Start of TASK INPUT
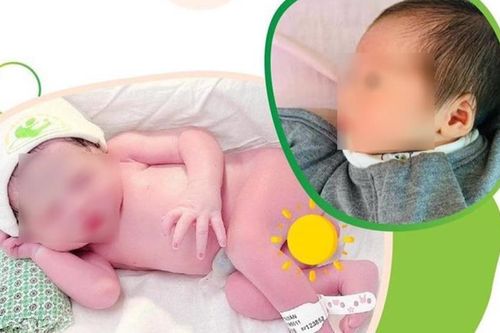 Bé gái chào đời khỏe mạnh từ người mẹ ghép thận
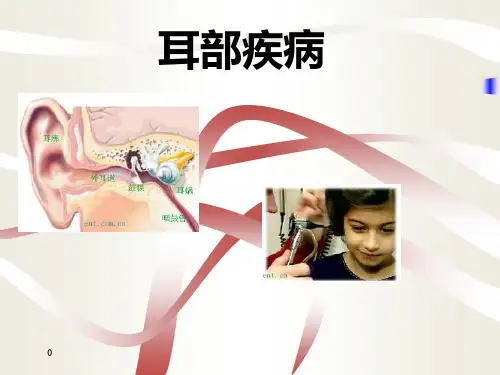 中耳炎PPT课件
End of TASK INPUT
Start of TASK INPUT
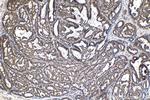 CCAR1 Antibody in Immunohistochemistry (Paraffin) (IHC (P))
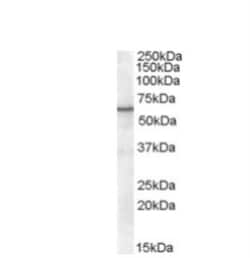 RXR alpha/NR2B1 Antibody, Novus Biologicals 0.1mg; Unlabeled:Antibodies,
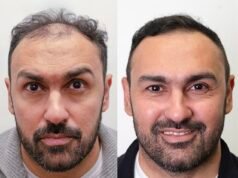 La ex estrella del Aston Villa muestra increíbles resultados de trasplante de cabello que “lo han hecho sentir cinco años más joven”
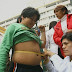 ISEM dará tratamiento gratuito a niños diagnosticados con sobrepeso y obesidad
End of TASK INPUT
**PROBLEM DESCRIPTION**.
Without the pictures, give again exactly the lines above starting at the line containing "La ex estrella" and ending at the line containing "ISEM dará tratamiento".

**WRITTEN SOLUTION**.
 La ex estrella del Aston Villa muestra increíbles resultados de trasplante de cabello que “lo han hecho sentir cinco años más joven”
 ISEM dará tratamiento gratuito a niños diagnosticados con sobrepeso y obesidad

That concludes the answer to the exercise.